Neurosurgeons from the University of California, San Diego (UCSD) have conducted the first real-time MRI-guided gene therapy for patients with brain cancer, advancing the clinical trial of new cancer drug, Toca 511.
The new treatment, carried out by neurosurgeons at the UCSD School of Medicine and the UCSD Moores Cancer Center, uses real-time magnetic resonance imaging (MRI) as a way of guiding the delivery of the new gene therapy directly into brain tumors.
MRI navigational technology, called Clearpoint, enables the neurosurgeons to inject Toca 511 (vocimagene amiretrorepvec) directly into a brain tumor.
Following our earlier news story Brain cancer: groundbreaking MRI-guided gene therapy, Clark Chen, chief of stereotactic and radiosurgery and vice chairman of neurosurgery at the University of California, San Diego, has spoken exclusively to Medical News Today about how the MRI-guided gene therapy works, and what this means for the future of brain cancer treatment.
How does the MRI guided gene therapy work?
Previous efforts with gene therapy for brain cancer were largely limited by the inability to deliver the drug into the brain. Under normal conditions, the brain is protected by a physiological system called the blood-brain barrier.
Unfortunately, this natural defense mechanism also prevents drugs from reaching the cancer cells in brain tumor patients. It is estimated that less than 1% of all available drugs will cross the blood brain barrier.
We by-passed the blood brain barrier by directly injecting the gene therapy into the region of the tumor.
To ensure that the adequate amount of agent is delivered to the region of the tumor, we utilized a state-of-the art MRI technology to monitor the delivery and injection processes in real time.

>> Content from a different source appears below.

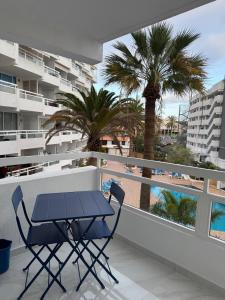 a table and chairs on a balcony with palm trees at Ocean Glimpse- Las Americas in Costa de Adeje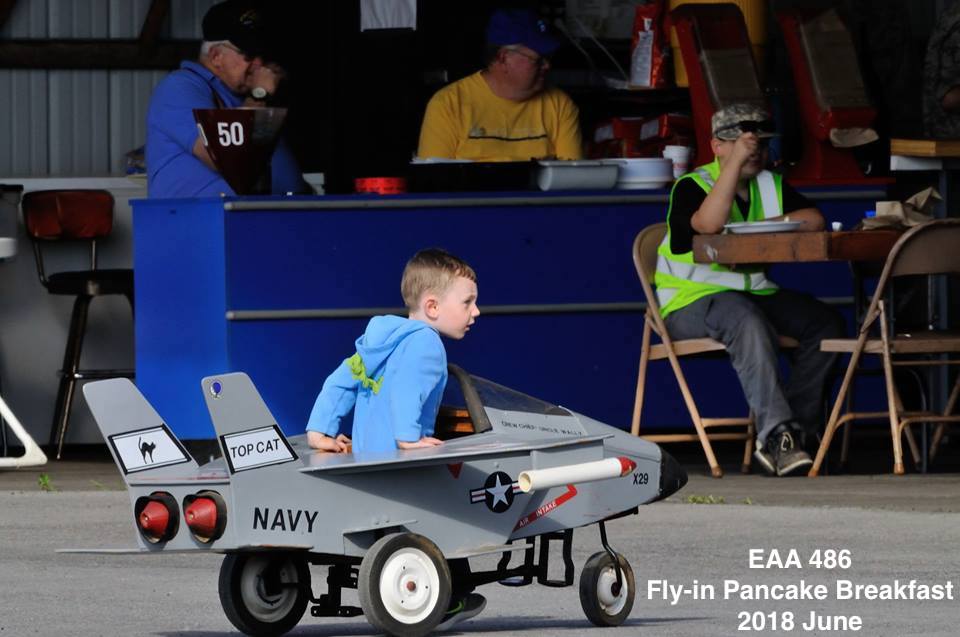 EAA486 Fly-in Breakfast boy in toy airplane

The MRI-guided process provides visual confirmation that adequate amount of the therapy is delivered into the tumor. Additionally, the ability to visualize the delivery catheter in real-time prevents any unintended injury to the brain.
What are the benefits and risks of using this treatment?
To understand the benefits of the therapy, we first need to review the basis of the gene therapy. The gene therapy is based on a retro-virus engineered to selectively replicate in high grade brain cancer cells.
This virus produces an enzyme that converts the FDA approved anti-fungal drug flucytosine (5-FC) into the anti-cancer drug 5-fluorouracil (5-FU).
After the injection of the virus, the patients are treated with oral formulations of 5-FC. Tumor kill is induced when 5-FC comes into contact with cells infected with virus.
Typically, when chemotherapy is given, just about every cell in the body is exposed to the potential side-effects of the drug. The direct injection approach limits the presence of the active drug in the brain tumor and not elsewhere in the body. Consequently, the approach protects the patient from many of the intended side-effects of chemotherapy.
The virus has been tested in a large number of patients and has been shown to be safe. So the risks of the treatment relates to the surgical procedure itself. The MRI technology allows the surgeon to visualize the delivery catheter in real-time. In doing so, the surgeon can prevent any unintended injury to the brain during the procedure. So, the risk of the procedure is lowered to an absolute minimum.
All of my patients undergoing this procedure were discharged from the hospital one day after surgery and resumed their normal daily activity thereafter.
How will this change the future of brain cancer treatment?
Because of the blood brain barrier, when a drug fails to prevent the tumor from growing, it is never clear whether the drug failed because it never got to the tumor or because the drug got to the tumor but has no effect on the tumor.
With the MRI-guided injection approach, we can now begin to answer this question. If the tumor grows back in the region where the virus was injected, then we need to develop better viruses.
However, if the tumor grows only in regions where the virus was not injected, then we need to develop better ways of injecting the virus in a larger area of the brain. So, the results of this trial will fundamentally dictate the appropriate next step in terms of therapeutic development.
Can you see this new method becoming widely used?
Yes. Because the method by-passes the blood brain barrier and any drug or gene therapy can be injected under MRI guidance, the approach effectively expands the spectrum of drugs that we can use to treat brain cancers by a hundred fold.
The more drugs that we have available against brain cancer, the closer we will move toward curing this disease. For this reason, I believe that this method will become more widely used.